When Lucy’s prom night falls apart, she finds herself jumping into a hearse headed for a psychedelic party in the woods. Looking for a thrill, the party wanders deeper into the forest, to a haunted and abandonded prison work farm. A secret wish and a summoning of the dead sends the group on a mind-bending trip into a dangerous trap.

THE HONOR FARM takes the most beloved youth genres – horror, coming of age, 80’s teen comedies – and blends them all together in original and clever ways to tell a story of one high school girl’s surreal passage to adulthood.
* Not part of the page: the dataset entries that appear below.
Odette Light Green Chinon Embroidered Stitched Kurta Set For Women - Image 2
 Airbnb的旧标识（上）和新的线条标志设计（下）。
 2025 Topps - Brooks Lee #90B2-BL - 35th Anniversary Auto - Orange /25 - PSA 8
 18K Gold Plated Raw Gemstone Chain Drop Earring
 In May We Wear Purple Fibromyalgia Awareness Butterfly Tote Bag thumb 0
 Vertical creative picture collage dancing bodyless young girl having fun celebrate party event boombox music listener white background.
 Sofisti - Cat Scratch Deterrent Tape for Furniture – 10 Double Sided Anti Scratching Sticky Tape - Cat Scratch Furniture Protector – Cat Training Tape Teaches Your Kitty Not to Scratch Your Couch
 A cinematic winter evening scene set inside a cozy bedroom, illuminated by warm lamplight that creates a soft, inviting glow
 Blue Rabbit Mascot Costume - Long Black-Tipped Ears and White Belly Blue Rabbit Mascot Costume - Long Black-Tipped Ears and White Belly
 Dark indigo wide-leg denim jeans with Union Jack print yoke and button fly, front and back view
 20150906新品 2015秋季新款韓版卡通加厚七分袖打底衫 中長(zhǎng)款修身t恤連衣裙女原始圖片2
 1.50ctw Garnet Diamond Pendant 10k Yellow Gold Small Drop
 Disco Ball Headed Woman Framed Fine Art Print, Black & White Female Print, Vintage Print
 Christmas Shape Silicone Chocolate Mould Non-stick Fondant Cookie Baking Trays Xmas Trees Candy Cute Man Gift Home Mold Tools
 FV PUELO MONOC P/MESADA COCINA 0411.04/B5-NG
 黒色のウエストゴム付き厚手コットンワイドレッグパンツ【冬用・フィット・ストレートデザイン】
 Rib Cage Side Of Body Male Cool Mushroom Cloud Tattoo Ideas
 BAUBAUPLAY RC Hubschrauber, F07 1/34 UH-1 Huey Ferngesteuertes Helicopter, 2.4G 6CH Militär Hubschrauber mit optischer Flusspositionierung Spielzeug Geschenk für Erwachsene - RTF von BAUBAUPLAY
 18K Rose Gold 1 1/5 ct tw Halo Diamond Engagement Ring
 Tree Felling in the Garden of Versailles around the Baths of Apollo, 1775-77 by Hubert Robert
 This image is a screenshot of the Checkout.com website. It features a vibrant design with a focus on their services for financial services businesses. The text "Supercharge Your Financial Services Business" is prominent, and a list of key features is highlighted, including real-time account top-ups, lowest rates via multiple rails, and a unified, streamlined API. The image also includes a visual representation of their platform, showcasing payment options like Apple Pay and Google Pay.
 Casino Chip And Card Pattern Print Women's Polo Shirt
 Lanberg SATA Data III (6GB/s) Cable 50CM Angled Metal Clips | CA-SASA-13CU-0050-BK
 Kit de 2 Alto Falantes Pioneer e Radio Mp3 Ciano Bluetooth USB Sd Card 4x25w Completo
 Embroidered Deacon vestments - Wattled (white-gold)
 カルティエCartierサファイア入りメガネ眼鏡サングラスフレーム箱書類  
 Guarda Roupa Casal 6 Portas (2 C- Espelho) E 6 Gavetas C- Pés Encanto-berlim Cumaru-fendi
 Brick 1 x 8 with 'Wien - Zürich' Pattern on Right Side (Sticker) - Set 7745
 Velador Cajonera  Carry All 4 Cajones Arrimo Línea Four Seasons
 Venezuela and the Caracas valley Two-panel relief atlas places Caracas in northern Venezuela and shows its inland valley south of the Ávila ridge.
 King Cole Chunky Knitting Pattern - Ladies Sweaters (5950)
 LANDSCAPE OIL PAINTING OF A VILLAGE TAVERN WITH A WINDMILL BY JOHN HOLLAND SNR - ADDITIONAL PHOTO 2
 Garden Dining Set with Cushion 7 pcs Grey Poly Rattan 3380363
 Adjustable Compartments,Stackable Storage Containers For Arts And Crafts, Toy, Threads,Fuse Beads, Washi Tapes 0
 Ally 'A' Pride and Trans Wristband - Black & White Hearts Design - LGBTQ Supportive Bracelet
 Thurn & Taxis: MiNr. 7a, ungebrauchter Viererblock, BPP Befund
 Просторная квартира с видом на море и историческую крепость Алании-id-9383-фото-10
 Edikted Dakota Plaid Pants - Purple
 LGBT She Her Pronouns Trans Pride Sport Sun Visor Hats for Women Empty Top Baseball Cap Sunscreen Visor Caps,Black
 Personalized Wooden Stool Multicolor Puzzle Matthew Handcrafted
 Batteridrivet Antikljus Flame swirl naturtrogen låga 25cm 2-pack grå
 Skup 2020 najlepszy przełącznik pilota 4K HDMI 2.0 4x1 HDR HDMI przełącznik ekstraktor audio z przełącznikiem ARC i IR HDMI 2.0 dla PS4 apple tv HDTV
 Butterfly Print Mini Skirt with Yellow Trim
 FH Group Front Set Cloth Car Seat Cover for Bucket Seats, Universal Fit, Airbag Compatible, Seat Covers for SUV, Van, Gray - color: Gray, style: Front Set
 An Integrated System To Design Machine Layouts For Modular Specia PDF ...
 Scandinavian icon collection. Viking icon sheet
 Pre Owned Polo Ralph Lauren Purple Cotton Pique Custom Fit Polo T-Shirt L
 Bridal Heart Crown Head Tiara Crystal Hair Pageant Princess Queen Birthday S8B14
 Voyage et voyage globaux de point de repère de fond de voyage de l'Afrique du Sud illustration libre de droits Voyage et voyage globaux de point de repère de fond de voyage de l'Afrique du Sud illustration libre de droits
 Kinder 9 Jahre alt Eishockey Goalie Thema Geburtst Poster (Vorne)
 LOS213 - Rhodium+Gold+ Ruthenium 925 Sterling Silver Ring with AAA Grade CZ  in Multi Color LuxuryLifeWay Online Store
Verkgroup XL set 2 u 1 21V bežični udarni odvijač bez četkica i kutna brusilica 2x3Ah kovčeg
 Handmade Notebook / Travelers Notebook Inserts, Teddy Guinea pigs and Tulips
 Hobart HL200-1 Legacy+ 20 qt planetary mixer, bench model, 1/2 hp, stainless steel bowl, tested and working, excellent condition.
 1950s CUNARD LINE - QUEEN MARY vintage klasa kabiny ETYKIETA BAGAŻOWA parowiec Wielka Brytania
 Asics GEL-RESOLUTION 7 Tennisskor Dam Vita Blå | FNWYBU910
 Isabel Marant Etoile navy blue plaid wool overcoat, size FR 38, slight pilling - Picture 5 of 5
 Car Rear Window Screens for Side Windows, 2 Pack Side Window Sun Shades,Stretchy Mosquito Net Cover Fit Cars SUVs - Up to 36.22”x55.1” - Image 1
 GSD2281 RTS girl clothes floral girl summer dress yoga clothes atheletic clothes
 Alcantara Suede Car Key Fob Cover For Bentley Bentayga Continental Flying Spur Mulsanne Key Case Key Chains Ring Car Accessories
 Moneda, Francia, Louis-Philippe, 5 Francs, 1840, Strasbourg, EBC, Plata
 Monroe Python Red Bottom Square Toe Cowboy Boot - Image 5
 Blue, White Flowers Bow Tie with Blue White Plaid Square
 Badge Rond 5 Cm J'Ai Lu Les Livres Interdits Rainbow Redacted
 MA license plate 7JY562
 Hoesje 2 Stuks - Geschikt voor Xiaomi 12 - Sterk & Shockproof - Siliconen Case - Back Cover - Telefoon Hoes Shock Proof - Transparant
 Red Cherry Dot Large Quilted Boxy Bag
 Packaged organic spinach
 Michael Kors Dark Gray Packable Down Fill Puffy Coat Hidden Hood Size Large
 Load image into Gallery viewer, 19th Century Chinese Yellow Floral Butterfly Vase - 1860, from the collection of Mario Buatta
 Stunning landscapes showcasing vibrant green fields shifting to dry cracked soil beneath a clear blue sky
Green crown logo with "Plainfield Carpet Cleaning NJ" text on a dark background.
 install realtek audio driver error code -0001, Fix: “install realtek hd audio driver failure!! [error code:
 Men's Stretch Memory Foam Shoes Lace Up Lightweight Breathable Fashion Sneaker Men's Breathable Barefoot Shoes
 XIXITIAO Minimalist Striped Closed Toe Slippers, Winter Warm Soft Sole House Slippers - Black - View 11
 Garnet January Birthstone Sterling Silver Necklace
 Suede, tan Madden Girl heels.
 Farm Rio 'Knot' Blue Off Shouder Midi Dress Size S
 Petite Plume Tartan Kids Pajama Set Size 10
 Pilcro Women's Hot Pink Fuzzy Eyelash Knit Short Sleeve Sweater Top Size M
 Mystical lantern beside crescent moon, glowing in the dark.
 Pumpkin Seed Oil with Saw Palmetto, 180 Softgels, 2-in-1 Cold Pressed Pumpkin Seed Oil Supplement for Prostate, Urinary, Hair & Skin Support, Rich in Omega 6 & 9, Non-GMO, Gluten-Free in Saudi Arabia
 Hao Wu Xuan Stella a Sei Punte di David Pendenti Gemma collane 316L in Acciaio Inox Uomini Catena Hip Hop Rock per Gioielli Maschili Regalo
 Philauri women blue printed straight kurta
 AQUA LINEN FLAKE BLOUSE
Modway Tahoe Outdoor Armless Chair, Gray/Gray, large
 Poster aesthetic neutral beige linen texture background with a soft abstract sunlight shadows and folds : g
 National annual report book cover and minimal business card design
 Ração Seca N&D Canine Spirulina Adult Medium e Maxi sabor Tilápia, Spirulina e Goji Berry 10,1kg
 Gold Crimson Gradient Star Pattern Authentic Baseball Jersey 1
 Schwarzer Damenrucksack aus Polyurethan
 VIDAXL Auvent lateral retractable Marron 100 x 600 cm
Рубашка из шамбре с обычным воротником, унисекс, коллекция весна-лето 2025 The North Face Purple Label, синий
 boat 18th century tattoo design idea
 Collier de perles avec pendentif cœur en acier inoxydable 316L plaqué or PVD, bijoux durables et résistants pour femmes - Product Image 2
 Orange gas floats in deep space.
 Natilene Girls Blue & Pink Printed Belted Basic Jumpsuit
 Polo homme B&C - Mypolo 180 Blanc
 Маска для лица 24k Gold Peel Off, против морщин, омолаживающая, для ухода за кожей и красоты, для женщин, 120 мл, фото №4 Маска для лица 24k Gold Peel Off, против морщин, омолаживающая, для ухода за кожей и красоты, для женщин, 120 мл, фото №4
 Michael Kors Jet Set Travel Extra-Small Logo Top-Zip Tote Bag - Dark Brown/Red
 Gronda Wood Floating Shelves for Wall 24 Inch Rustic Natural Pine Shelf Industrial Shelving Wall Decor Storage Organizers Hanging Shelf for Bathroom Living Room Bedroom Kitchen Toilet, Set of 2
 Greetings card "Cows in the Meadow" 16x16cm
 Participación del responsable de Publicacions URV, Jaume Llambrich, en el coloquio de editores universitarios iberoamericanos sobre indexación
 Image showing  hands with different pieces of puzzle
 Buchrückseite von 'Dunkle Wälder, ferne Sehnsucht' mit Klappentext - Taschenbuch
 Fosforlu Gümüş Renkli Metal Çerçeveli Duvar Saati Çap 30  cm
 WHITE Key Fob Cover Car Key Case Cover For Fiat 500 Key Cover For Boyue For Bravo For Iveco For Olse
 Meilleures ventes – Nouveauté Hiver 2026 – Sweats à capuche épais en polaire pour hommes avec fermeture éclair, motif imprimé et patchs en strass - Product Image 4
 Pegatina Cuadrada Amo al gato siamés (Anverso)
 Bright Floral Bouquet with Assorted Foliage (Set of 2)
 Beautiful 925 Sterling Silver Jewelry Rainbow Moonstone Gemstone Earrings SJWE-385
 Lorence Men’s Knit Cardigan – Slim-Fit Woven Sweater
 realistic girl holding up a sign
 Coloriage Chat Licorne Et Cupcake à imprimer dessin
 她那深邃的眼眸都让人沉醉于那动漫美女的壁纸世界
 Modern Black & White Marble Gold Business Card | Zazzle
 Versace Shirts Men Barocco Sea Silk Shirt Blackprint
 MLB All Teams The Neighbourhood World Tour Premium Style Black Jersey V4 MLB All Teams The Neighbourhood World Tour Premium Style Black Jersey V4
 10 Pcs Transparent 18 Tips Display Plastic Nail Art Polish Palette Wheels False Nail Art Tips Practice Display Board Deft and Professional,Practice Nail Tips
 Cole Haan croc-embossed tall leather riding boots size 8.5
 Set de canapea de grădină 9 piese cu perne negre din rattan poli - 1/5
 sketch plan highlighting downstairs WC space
Picking up where Pretty in Pink left off, while taking notes from Heathers and River’s EdgeTHE HONOR FARM is a movie about taking the familiar from a canted angle and making it new and fresh to behold.

Featuring a standout central performance from Olivia Applegate (NBC’s Revolution, upcoming in Terrence Malick’s Song to Song), and made by a successful Austin-based filmmaking team – including director Skloss, producer David Hartstein, co-producer Jason Wehling, and executive producer (and founder of SXSW) Louis Black.
Filmmaker Bio:
Skloss is an award-winning filmmaker whose work has been shown on HBO, at NYC’s MOMA, in wide theatrical release, and in film festivals internationally. “Sunshine,” her first documentary feature as director, premiered at the SXSW film festival and was nationally broadcast on PBS’s Emmy Award winning series, Independent Lens. Skloss’ work as an editor includes the celebrated documentary, “Be Here to Love Me: The Story of Townes Van Zandt” (dir. Margaret Brown) as well as, “Taken by Storm” (dir. Roddy Bogawa), which outlines the storied career of Hipgnosis album artist Storm Thorgerson. She has edited several other documentary features as well as shows for Jerry Bruckheimer Television, A&E, Discovery, TLC and TNT. She is also the drummer for the band, Moving Panoramas.

Karen began her career in film as an actress playing Odile in the feature film “Odile and Yvette at the Edge of the World,” which premiered at the Edinburgh International Film Festival in 1995. “The Honor Farm” is her first narrative feature and a loose follow up to her narrative short, “Smitten” which premiered at The Rotterdam International Film Festival and was distributed through Hart Sharp Video.